Der Spannungsroman "Was wir verschweigen" von Arttu Tuominen ist keine leichte Lektüre. Ich habe bewusst nicht die Bezeichnung Krimi aufgegriffen, denn das trifft es meiner Meinung nach nicht, auch wenn die Geschichte mit einem Mord beginnt.
In einem Wochenendhaus am Rande der finnischen Stadt Pori wird mitten in einem Saufgelage ein Mann niedergestochen. Der Leser ist Zeuge der Tat und kennt den Mörder, auch für die hinzugerufene Polizei ist der Täter schnell ausgemacht.
Bei Jari Paloviita, zur Zeit vertretungsweise Leiter des Kriminalkommissariats, werden alte Wunden der Vergangenheit aufgerissen, als er in dem Tatverdächtigen Antti Mielonen seinen besten Freund aus Kindertagen wiedererkennt. Damals haben sie sich ewige Treue geschworen, tragische Ereignisse haben jedoch dazu geführt, dass sich ihre Wege getrennt und völlig unterschiedliche Richtungen eingeschlagen haben. Während Jari bei der Polizei Karriere gemacht hat, ist Antti ins kriminelle Milieu abgerutscht. Doch Jari steht offenbar immer noch in Anttis Schuld, und sein Versuch der Wiedergutmachung bringt ihn in Konflikt mit seiner Position bei der Polizei.

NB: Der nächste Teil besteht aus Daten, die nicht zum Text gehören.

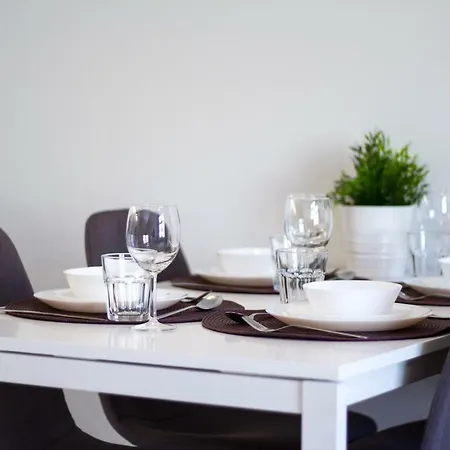 2ndhomes Iso Roobertinkatu Apartamento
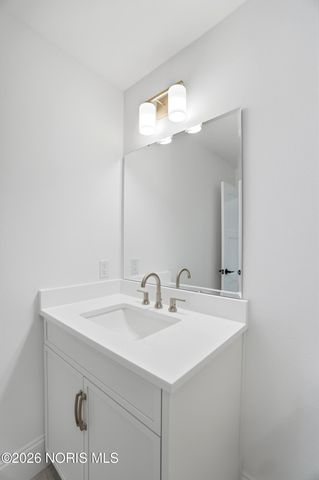 502 Cathedral Court, Perrysburg, OH 43551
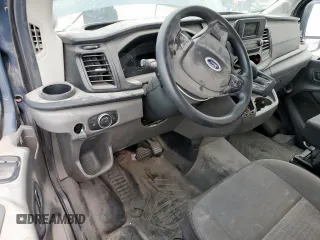 2020 Ford Transit Cargo z VIN 1FTBR3X87LKA56019, wystawiony jako Copart lot #62969395 z przebiegiem 20 952 mil mil oraz Czysty tytuł • Clean title. Historia ofert i sprzedaży dostępna na DreamBid. Obrazek 8.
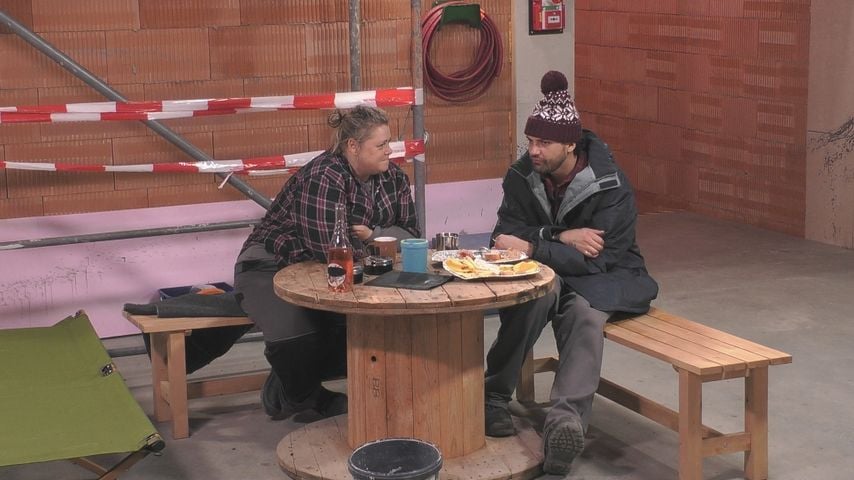 Karina2you und Jimi Blue Ochsenknecht bei "Promi Big Brother" 2025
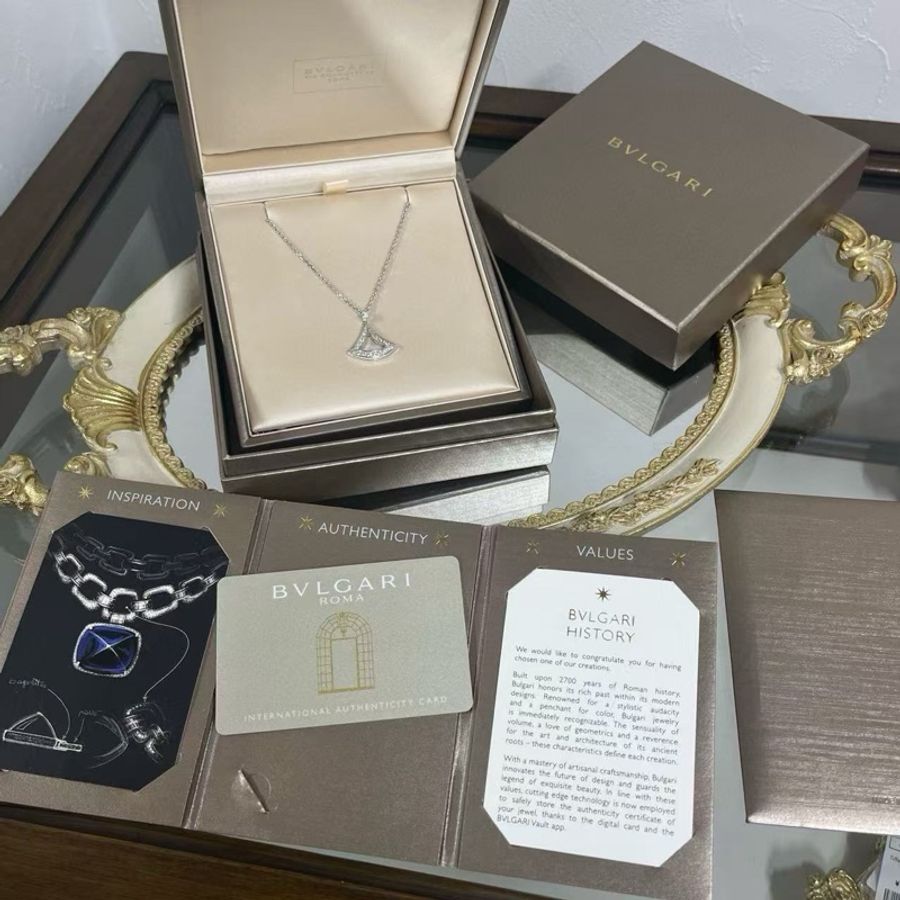 「JL精品代購」 Bvlgari寶格麗白金滿鑽扇子項鍊18k白金-1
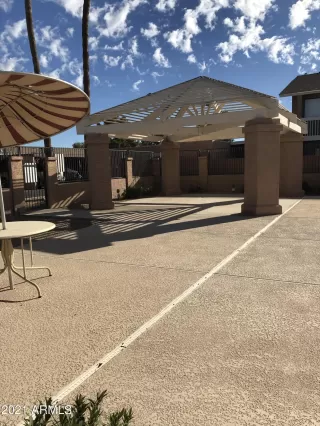 Photo #4: 6236798 Listing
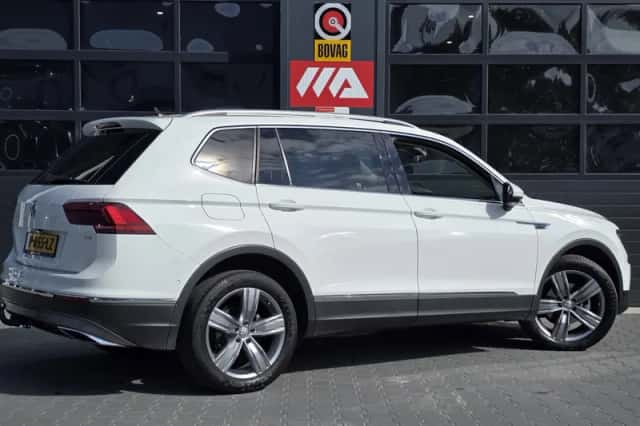 Volkswagen Tiguan (2018) thumbnail 3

In diesem Roman ist der Kriminalfall zu Beginn der Geschichte nur ein Randthema, das die Ereignisse in der Gegenwart im Jahr 2018 ins Rollen bringt. Der Schwerpunkt liegt in der zweiten Erzählebene im Sommer 1991 und Themen wie Freundschaft, Loyalität und Schuld. Der Leser erfährt, wie die Sommeridylle der beiden Jungen immer mehr ins Wanken gerät und schicksalhafte Ereignisse ihre Freundschaft auf die Probe stellt. Die Stärke des Romans liegt eindeutig auf diesem Teil in der Vergangenheit, die Stimmungen, Gedanken und Gefühle sind gut eingefangen und sorgen für eine zum Teil bedrückende Atmosphäre. Mit den Charakteren in der Gegenwartsebene konnte ich nicht warm werden, sie sind alle mehr oder weniger traumatisiert und leben nebeneinander her. Die hier beschriebene finnische Gesellschaft, dominiert von Gewalt, Alkoholexzessen und dunklen Stimmungen, ist so weit weg von meinem Leben und meinen Werten, dass ich mich nicht mit den Figuren identifizieren kann. Ihre Beweggründe und Handlungen sind für mich nicht wirklich nachvollziehbar. Die Geschichte stimmt dennoch nachdenklich, mir macht es die für mich völlig fremde Welt aber schwierig, die Thematik auf mich zu übertragen und mich in die Figuren hineinzuversetzen. Ich habe nach einem Drittel überlegt, das Buch beiseite zu legen, bin am Ende aber froh, mich weiter darauf eingelassen zu haben, da die Spannung im Verlauf durchaus steigt und mit einigen Überraschungen aufwartet.